Each line below from the one containing "Immagine 2 di" through the one containing "セミロング オノ テンタのヘアスタイル" should be output exactly as it stands, and no other line should appear.

-- -- --

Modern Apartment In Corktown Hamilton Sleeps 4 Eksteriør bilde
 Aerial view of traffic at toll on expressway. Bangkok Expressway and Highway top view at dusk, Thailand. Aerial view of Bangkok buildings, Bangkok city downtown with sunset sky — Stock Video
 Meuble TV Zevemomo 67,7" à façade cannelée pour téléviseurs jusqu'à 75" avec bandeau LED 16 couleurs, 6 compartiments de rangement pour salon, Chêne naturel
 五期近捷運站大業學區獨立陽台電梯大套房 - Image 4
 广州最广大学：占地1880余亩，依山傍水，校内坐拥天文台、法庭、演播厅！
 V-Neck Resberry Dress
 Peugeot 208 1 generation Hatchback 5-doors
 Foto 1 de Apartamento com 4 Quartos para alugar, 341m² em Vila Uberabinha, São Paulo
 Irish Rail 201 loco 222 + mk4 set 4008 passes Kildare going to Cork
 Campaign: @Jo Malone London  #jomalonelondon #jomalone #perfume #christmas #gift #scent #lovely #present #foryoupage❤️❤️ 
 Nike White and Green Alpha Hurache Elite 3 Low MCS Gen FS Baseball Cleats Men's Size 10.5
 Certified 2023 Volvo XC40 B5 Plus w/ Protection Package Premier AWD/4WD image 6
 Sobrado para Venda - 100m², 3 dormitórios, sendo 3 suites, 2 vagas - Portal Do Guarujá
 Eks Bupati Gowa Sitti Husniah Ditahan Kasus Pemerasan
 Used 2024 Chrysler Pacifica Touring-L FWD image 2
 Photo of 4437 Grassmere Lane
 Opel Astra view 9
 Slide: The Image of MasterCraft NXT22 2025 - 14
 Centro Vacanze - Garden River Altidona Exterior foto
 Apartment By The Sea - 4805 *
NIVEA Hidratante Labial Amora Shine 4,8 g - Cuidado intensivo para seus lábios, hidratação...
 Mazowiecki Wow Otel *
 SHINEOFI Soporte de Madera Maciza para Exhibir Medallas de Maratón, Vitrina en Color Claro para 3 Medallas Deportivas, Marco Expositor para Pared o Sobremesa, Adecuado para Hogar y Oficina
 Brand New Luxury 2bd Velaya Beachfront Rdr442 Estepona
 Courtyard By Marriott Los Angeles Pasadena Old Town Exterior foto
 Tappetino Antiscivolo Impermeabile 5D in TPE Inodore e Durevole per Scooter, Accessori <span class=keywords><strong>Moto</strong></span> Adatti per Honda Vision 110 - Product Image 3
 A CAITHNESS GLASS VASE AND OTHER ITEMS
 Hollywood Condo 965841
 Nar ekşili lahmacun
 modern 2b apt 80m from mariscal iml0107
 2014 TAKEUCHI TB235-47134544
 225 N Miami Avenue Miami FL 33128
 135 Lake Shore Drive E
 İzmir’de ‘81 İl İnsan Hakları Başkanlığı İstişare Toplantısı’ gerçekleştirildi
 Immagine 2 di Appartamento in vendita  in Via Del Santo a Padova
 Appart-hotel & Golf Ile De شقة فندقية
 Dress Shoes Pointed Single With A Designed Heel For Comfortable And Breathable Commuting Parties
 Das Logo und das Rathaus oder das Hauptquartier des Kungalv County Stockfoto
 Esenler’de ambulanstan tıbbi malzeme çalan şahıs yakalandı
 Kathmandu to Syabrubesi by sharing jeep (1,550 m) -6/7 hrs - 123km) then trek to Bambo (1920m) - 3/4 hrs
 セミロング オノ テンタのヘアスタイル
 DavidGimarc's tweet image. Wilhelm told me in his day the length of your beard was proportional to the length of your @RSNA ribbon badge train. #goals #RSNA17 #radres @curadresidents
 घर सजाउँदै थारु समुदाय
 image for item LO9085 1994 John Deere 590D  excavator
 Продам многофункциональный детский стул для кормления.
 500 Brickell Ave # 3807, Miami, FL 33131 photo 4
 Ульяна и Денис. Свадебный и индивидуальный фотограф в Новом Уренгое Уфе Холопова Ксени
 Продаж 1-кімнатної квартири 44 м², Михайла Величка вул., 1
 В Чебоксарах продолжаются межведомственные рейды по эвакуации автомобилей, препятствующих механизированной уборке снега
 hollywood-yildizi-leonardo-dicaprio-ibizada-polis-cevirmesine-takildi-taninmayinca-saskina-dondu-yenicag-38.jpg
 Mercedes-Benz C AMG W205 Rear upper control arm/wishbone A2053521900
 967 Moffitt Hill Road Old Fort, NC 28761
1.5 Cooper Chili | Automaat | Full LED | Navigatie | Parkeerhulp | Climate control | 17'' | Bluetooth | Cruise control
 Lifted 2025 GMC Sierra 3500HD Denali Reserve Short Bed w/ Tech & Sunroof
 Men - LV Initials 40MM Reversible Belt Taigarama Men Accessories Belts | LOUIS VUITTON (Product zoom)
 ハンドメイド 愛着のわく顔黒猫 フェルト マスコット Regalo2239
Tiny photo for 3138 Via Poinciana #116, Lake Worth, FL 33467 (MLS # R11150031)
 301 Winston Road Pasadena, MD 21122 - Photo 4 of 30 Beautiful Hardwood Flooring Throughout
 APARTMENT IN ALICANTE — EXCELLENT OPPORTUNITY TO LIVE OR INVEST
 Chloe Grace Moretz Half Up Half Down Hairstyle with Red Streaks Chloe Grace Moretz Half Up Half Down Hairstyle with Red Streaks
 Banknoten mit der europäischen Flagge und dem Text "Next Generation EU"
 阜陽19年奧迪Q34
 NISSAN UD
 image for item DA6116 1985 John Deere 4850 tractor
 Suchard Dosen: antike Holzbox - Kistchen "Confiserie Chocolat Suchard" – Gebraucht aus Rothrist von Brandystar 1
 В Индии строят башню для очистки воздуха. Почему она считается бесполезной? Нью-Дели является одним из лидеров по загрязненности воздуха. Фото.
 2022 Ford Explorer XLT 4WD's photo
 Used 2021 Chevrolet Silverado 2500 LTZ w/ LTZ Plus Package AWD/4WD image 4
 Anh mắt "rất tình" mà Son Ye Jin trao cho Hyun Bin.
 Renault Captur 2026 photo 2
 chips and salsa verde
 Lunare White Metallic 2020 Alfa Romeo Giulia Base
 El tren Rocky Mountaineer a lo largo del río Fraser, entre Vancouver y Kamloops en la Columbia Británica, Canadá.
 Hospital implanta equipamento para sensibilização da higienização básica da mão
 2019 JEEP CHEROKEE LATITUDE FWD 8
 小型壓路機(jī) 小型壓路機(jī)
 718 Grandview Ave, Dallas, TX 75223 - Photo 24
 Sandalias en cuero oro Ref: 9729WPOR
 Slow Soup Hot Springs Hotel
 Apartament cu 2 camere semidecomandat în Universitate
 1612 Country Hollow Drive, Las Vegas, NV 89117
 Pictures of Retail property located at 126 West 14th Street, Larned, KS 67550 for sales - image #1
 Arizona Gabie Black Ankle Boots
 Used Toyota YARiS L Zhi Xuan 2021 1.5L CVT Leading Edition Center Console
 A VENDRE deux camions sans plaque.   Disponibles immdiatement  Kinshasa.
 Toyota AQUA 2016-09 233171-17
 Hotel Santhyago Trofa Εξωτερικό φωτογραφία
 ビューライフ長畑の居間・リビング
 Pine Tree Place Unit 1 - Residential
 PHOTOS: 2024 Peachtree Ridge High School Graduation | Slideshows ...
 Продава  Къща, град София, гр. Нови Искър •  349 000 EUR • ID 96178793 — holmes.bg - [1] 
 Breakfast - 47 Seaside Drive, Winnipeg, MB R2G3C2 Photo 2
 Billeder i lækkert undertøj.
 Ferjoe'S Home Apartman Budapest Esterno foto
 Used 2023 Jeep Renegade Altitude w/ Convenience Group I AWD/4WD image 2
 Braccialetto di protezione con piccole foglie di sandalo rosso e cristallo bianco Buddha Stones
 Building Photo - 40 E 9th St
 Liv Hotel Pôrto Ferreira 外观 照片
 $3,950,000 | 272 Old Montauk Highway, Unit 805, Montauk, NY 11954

-- -- --

Completed exercise —
 Immagine 2 di Appartamento in vendita  in Via Del Santo a Padova
 Appart-hotel & Golf Ile De شقة فندقية
 Dress Shoes Pointed Single With A Designed Heel For Comfortable And Breathable Commuting Parties
 Das Logo und das Rathaus oder das Hauptquartier des Kungalv County Stockfoto
 Esenler’de ambulanstan tıbbi malzeme çalan şahıs yakalandı
 Kathmandu to Syabrubesi by sharing jeep (1,550 m) -6/7 hrs - 123km) then trek to Bambo (1920m) - 3/4 hrs
 セミロング オノ テンタのヘアスタイル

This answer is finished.